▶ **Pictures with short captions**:
╔══
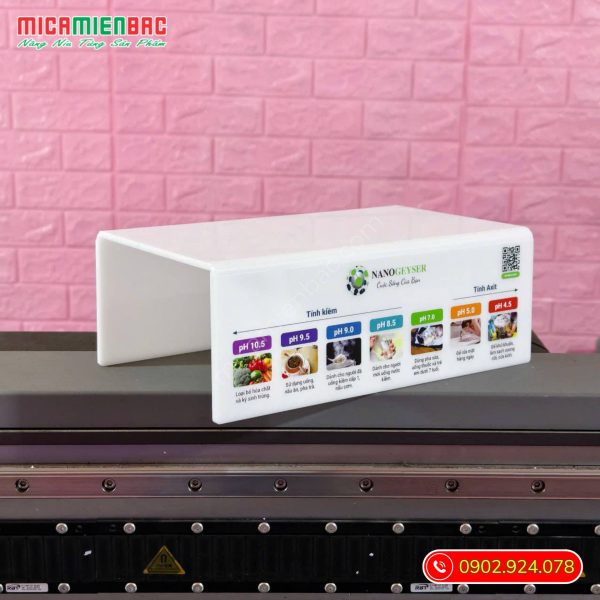 kệ chữ U bằng mica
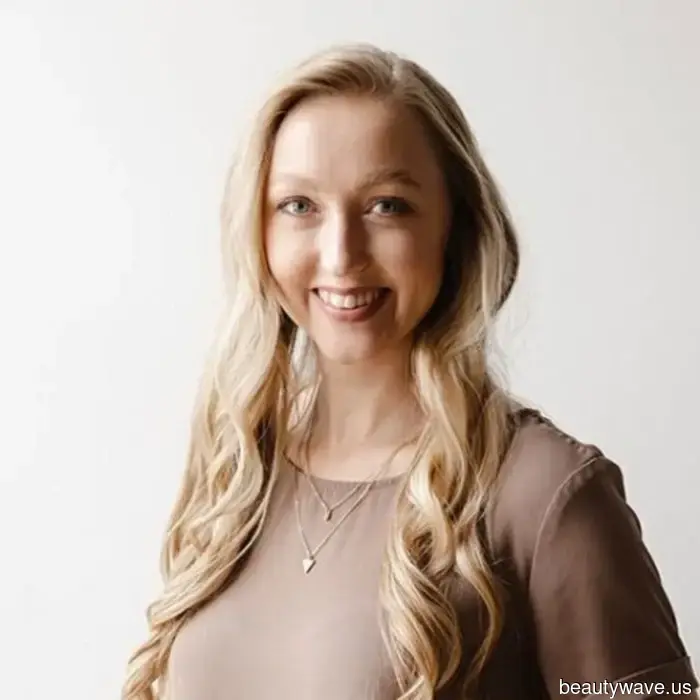 What's in My Bag: 12 Essential Personal Items I Always Bring When I Travel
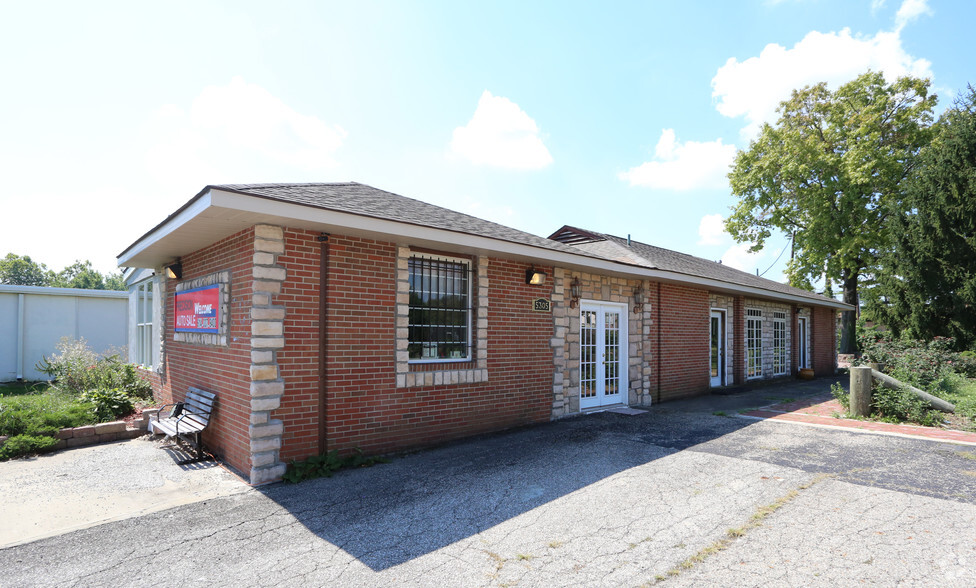 5305 Tamarack Cir, Columbus, OH for sale - Primary Photo - Image 1 of 3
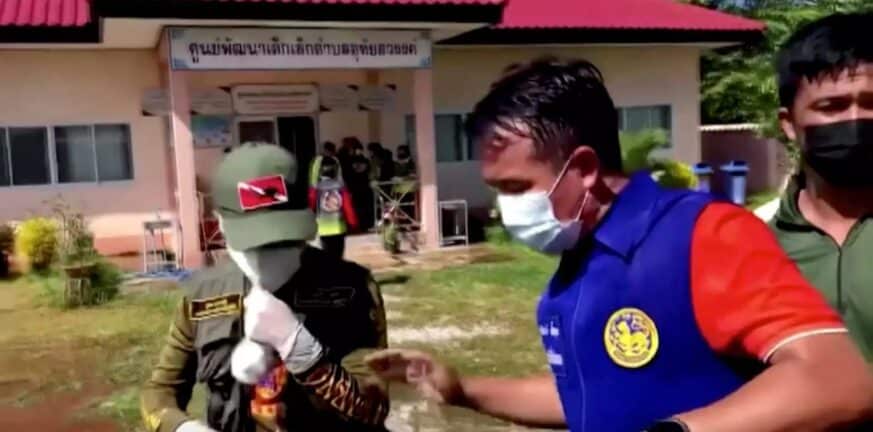 Τραγωδία σε παιδικό σταθμό στην Ταϊλάνδη: Σκότωσε 34 ανθρώπους ανάμεσα τους και την οικογένειά του και αυτοκτόνησε - ΒΙΝΤΕΟ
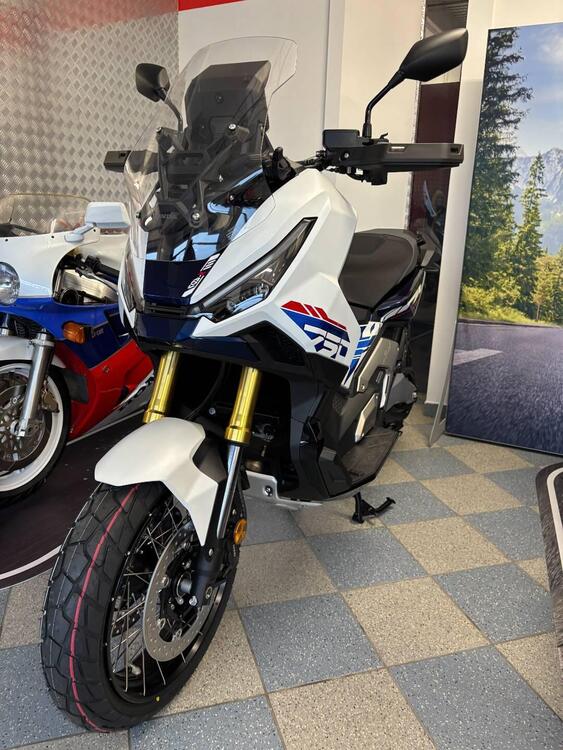 Honda X-ADV 750 Special Edition (2026) (3)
╚══
▶ **Exercise aim**:
Your answer must be the lines from the one containing "What's in My" through the last line of the records, copied exactly, with no pictures.

▶ **Solution to the problem**:
 What's in My Bag: 12 Essential Personal Items I Always Bring When I Travel
 5305 Tamarack Cir, Columbus, OH for sale - Primary Photo - Image 1 of 3
 Τραγωδία σε παιδικό σταθμό στην Ταϊλάνδη: Σκότωσε 34 ανθρώπους ανάμεσα τους και την οικογένειά του και αυτοκτόνησε - ΒΙΝΤΕΟ
 Honda X-ADV 750 Special Edition (2026) (3)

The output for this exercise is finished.